[Work instruction] Please write out all the data exactly as shown.

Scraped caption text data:
########################################

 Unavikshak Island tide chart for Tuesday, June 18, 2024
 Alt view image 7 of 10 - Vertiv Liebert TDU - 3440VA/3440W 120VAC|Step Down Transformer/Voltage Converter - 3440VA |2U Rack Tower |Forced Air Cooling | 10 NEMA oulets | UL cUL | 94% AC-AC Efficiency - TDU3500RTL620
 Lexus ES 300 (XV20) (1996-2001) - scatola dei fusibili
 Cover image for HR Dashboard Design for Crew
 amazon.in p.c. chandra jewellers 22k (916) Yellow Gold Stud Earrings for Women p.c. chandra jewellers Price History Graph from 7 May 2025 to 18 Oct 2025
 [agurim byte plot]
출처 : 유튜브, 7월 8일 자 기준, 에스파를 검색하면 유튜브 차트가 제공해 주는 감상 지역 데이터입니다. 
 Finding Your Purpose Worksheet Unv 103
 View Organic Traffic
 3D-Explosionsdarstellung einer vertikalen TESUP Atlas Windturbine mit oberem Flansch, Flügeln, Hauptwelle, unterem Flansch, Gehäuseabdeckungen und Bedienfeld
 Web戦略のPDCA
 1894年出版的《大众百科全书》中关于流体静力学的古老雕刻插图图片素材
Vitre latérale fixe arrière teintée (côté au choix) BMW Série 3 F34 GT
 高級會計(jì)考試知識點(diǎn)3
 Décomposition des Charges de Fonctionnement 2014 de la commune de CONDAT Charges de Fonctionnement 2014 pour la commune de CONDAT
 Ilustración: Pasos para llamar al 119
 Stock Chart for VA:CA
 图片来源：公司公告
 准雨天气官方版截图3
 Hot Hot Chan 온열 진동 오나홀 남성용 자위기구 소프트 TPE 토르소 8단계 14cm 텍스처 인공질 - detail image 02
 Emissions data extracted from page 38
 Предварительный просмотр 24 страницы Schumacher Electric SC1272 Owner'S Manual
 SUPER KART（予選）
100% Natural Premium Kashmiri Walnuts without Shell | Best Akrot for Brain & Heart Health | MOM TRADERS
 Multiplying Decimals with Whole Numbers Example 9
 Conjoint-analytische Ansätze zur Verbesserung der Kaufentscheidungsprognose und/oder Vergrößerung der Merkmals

########################################

[Written reply]
 Unavikshak Island tide chart for Tuesday, June 18, 2024
 Alt view image 7 of 10 - Vertiv Liebert TDU - 3440VA/3440W 120VAC|Step Down Transformer/Voltage Converter - 3440VA |2U Rack Tower |Forced Air Cooling | 10 NEMA oulets | UL cUL | 94% AC-AC Efficiency - TDU3500RTL620
 Lexus ES 300 (XV20) (1996-2001) - scatola dei fusibili
 Cover image for HR Dashboard Design for Crew
 amazon.in p.c. chandra jewellers 22k (916) Yellow Gold Stud Earrings for Women p.c. chandra jewellers Price History Graph from 7 May 2025 to 18 Oct 2025
 [agurim byte plot]
출처 : 유튜브, 7월 8일 자 기준, 에스파를 검색하면 유튜브 차트가 제공해 주는 감상 지역 데이터입니다. 
 Finding Your Purpose Worksheet Unv 103
 View Organic Traffic
 3D-Explosionsdarstellung einer vertikalen TESUP Atlas Windturbine mit oberem Flansch, Flügeln, Hauptwelle, unterem Flansch, Gehäuseabdeckungen und Bedienfeld
 Web戦略のPDCA
 1894年出版的《大众百科全书》中关于流体静力学的古老雕刻插图图片素材
Vitre latérale fixe arrière teintée (côté au choix) BMW Série 3 F34 GT
 高級會計(jì)考試知識點(diǎn)3
 Décomposition des Charges de Fonctionnement 2014 de la commune de CONDAT Charges de Fonctionnement 2014 pour la commune de CONDAT
 Ilustración: Pasos para llamar al 119
 Stock Chart for VA:CA
 图片来源：公司公告
 准雨天气官方版截图3
 Hot Hot Chan 온열 진동 오나홀 남성용 자위기구 소프트 TPE 토르소 8단계 14cm 텍스처 인공질 - detail image 02
 Emissions data extracted from page 38
 Предварительный просмотр 24 страницы Schumacher Electric SC1272 Owner'S Manual
 SUPER KART（予選）
100% Natural Premium Kashmiri Walnuts without Shell | Best Akrot for Brain & Heart Health | MOM TRADERS
 Multiplying Decimals with Whole Numbers Example 9
 Conjoint-analytische Ansätze zur Verbesserung der Kaufentscheidungsprognose und/oder Vergrößerung der Merkmals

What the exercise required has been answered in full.